Hi, all! The Machine Intelligence Research Institute (MIRI) is answering questions here tomorrow, October 12 at 10am PDT. You can post questions below in the interim.
MIRI is a Berkeley-based research nonprofit that does basic research on key technical questions related to smarter-than-human artificial intelligence systems. Our research is largely aimed at developing a deeper and more formal understanding of such systems and their safety requirements, so that the research community is better-positioned to design systems that can be aligned with our interests. See here for more background.
Through the end of October, we're running our 2016 fundraiser — our most ambitious funding drive to date. Part of the goal of this AMA is to address questions about our future plans and funding gap, but we're also hoping to get very general questions about AI risk, very specialized questions about our technical work, and everything in between. Some of the biggest news at MIRI since Nate's AMA here last year:
- We developed a new framework for thinking about deductively limited reasoning, logical induction.
- Half of our research team started work on a new machine learning research agenda, distinct from our agent foundations agenda.
- We received a review and a $500k grant from the Open Philanthropy Project.
Likely participants in the AMA include:
- Nate Soares, Executive Director and primary author of the AF research agenda
- Malo Bourgon, Chief Operating Officer
- Rob Bensinger, Research Communications Manager
- Jessica Taylor, Research Fellow and primary author of the ML research agenda
- Tsvi Benson-Tilsen, Research Associate
Nate, Jessica, and Tsvi are also three of the co-authors of the "Logical Induction" paper.
EDIT (10:04am PDT): We're here! Answers on the way!
EDIT (10:55pm PDT): Thanks for all the great questions! That's all for now, though we'll post a few more answers tomorrow to things we didn't get to. If you'd like to support our AI safety work, our fundraiser will be continuing through the end of October.
Scott Garrabrant’s logical induction framework feels to me like a large step forward. It provides a model of “good reasoning” about logical facts using bounded computational resources, and that model is already producing preliminary insights into decision theory. In particular, we can now write down models of agents that use logical inductors to model the world---and in some cases these agents learn to have sane beliefs about their own actions, other agents’ actions, and how those actions affect the world. This, despite the usual obstacles to self-modeling.

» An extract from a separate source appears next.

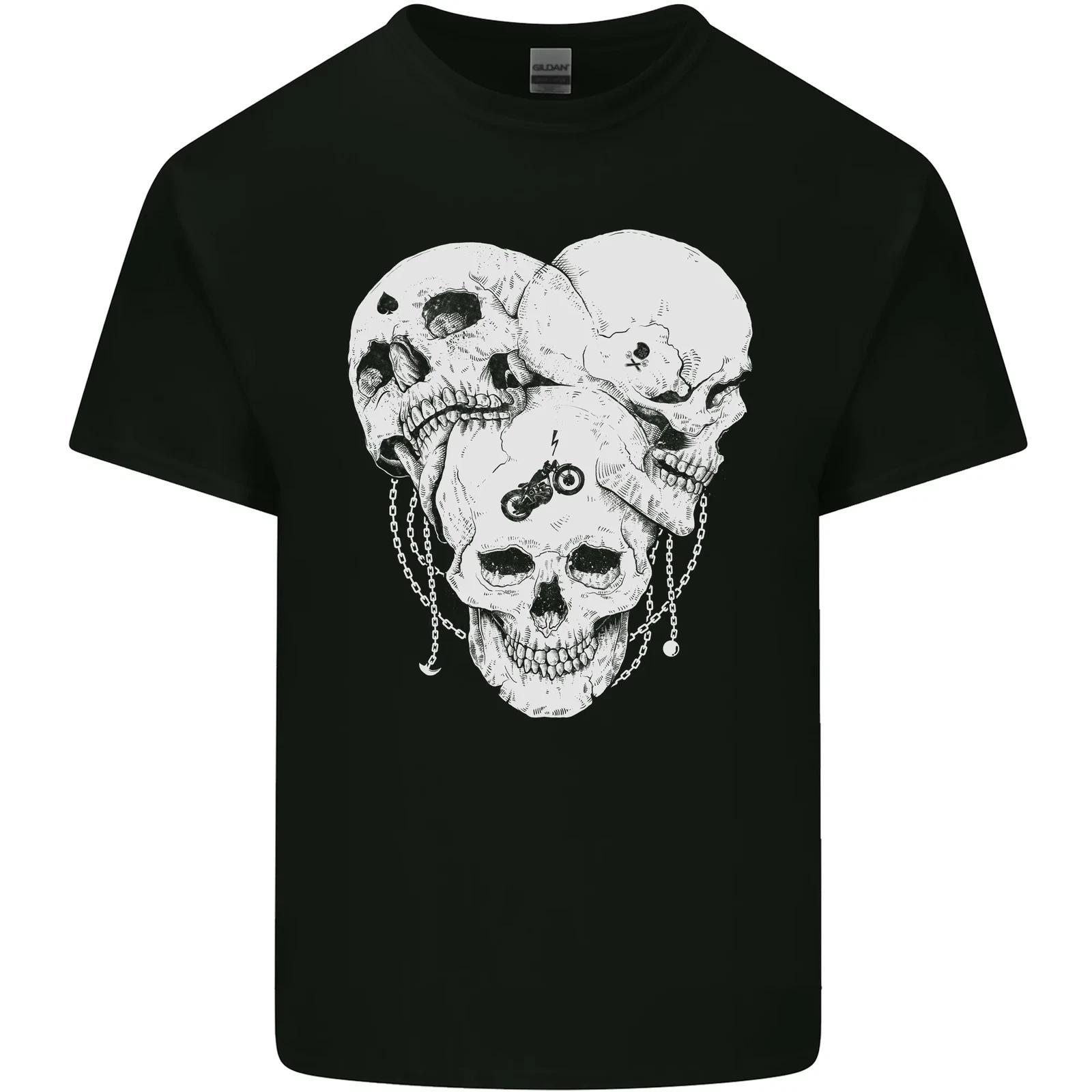 3 Skulls Gothic Heavy Metal Biker Demon Kids T-Shirt Childrens M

Further, the self-trust result from the paper can be interpreted to say that a logical inductor believes something like “If my future self is confident in the proposition A, then A is probably true”. This seems like one of the insights that the PPRHOL work was aiming at, namely, writing down a computable reasoning system that asserts a formal reflection principle of itself. Such a reflection principle must be weaker than full logical soundness; a system that proved “If my future self proves A, then A is true” would be inconsistent. But as it turns out, the reflection principle is feasible if you replace “proves” with “assigns high probability to” and replace “true” with “probably true”.
It is an active area of research to understand logical induction more deeply, and to apply it to decision-theoretic problems that require reflective properties. For example, the current framework uses “traders” that express their “beliefs” in terms of strategies for making trades against the market prices (probabilities) output by a logical inductor. Then traders are rewarded based on buying shares in sentences that turn out to be highly valued by later market prices. It would be nice to understand this process in Bayesian terms, e.g., where traders are hypotheses that output predictions about the market and have their probabilities updated by Bayesian updating.